Tuesday, January 18, 2011

Jonah Hex

Directed by Jimmy Hayward.
2010. Rated PG-13, 82 minutes.
Josh Brolin
Megan Fox
John Malkovich
Will Arnett
Michael Fassbender
John Gallagher Jr.
Tom Wopat
Michael Shannon

The possibility of time travel is still one of the great unknowns. Most of us would love to be like Marty McFly, traversing human history at will. As of right now, we can’t. Mentally, I often take trips to and fro throughout our existence, entertaining the possibilities or cherishing the memories. One of my favorite memories is spending much of my allowance on comic books. Spider-Man and The Uncanny X-Men were my favorites. For years, not a month went by when I didn’t grab the latest edition of each. This included all three of the Spidey periodicals that were going at the time. It’s a good thing they were only sixty cents a pop, back then. I grabbed many other titles, as well. Though I had seen it on the racks plenty of times, none of them were ever “Jonah Hex.” I don’t recall any of my friends buying it, either. I certainly never read a single issue. Perhaps, that was a subtle warning or foreshadowing of how I should’ve treated this movie.

Anyone who knows me, knows it’s a safe bet that I’ll give a comic book movie a shot. Therefore, even as negative feedback mounted to unbelievable heights, I never really entertained the notion of not seeing it. So there I was, all alone with a comic book flick that I really had no frame of reference for. That didn’t bother me. I just wanted a fun movie.

Very quickly, we find out Jonah (Brolin) is an ex-Confederate soldier and is at odds with his former, and still corrupt commander Quentin Turnbull (Malkovich). For the slow among us, this makes it a comic-book western set in the 1870s. Anyhoo, for some reason or another Jonah has not only turned on Turnbull, but killed his son Jeb. None too pleased about this, Turnbull returns the favor by having Jonah tied to a cross and killing his family right in front of him.. Still not satisfied, QT then literally brands his initials on our hero’s face. Jonah trying to get revenge ensues.

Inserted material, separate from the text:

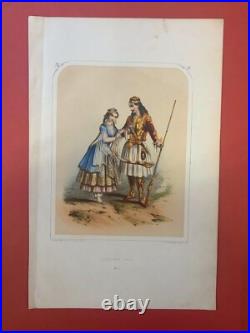 Gm5-gravure-rehaussée Main-a. Lacauchie-les Nations-costumes Grecs-1853
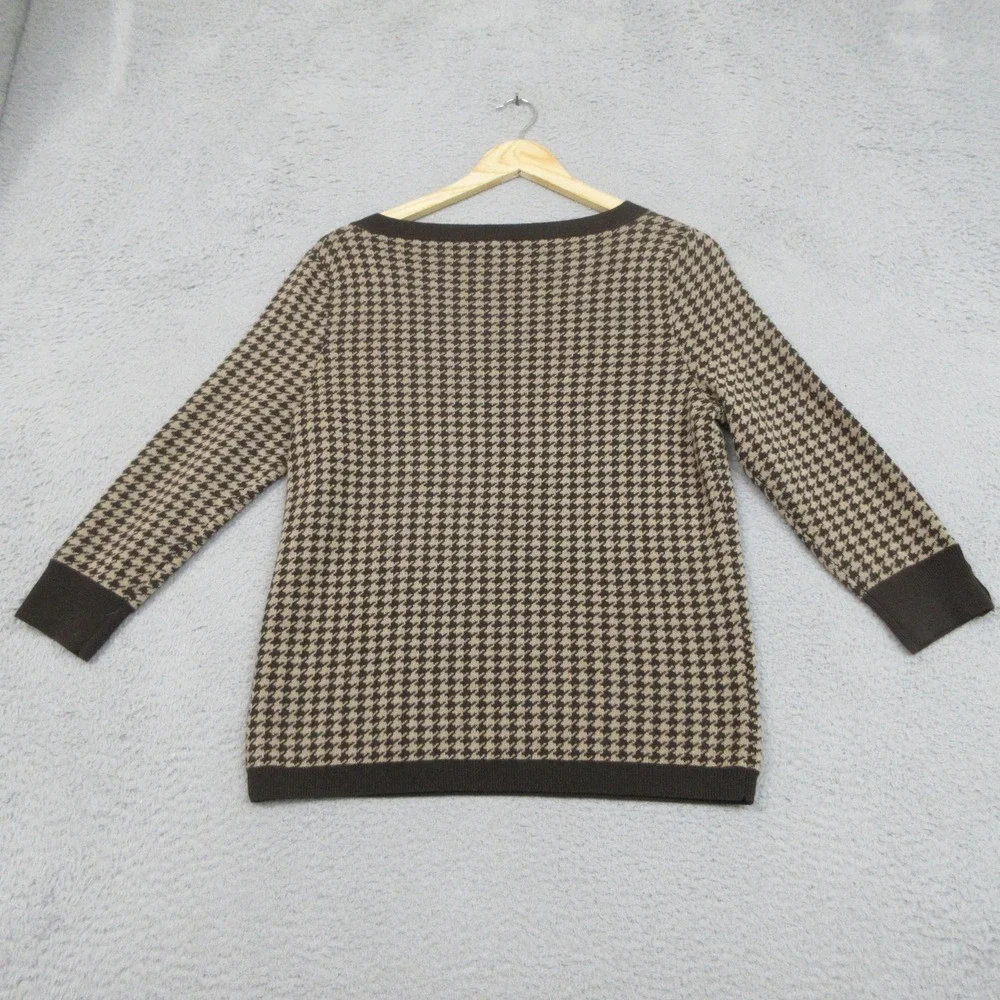 Talbots Merino Wool Sweater Womens Petite Large Brown Houndstooth Classic Preppy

Oh, I forgot something. Since this is a comic book movie, our hero has a superpower. You see, Jonah nearly died on the cross QT strapped him to. When he came back from “the other side”, he emerged with the ability to talk to the dead. They’re like his personal GPS because each dead person can track the movements of the people they knew when they were alive. It’s not the most appealing ability to have, but it is what it is. No wonder I never read this comic. Almost forgot something else: Turnbull has bigger things than Jonah on his mind. He’s trying to build some ultimate weapon so he can overthrow the hated Union government and get rid of all us damn Yankees. What is it? What does it do? How does it work? I saw the thing and I’m not sure I can tell you a whole lot. Okay, maybe I gave up caring by then. The gist of it is, it shoots giant glowing canon balls and blows stuff up real good.

Sound silly? That’s okay, silliness can be well executed. Sadly, not in this case. Our hero occasionally kills people because he feels like it, is in love with a prostitute and doesn’t have the most pleasant personality. The prostitute, by the way, is named Lilah and is played by Megan Fox. She works so hard at her southern accent she neglects to ever change her facial expression. Even a face as beautiful as hers is boring if it never does anything. John Malkovich could’ve saved this thing by giving us a dynamic villain, but he’s far too restrained. As Jonah Hex, Brolin does what’s asked of him and grunts his way through the movie.

The whole thing reminds me of another movie set in the 19th century in which the bad guy creates a superweapon he wants to use to take down the US government: Wild Wild West. Yeah, I went there. The only real difference is tone. The Will Smith vehicle went for screwball comedy/buddy flick/action movie. This uses the gal as both lover and buddy, keeps the action and is goofy but not funny, at least not intentionally. In fact, it has no funny bone to speak of, trading in the former’s jovial demeanor for surliness.

Once again, I’m thrust back in time to the hours I spent gazing at the racks and racks of comics deciding what to spend my hard earned allowance on. A smile comes over my face as I see myself accidentally knock an issue of “Jonah Hex” onto the floor and step on it in an effort to reach the latest issue of “Batman”.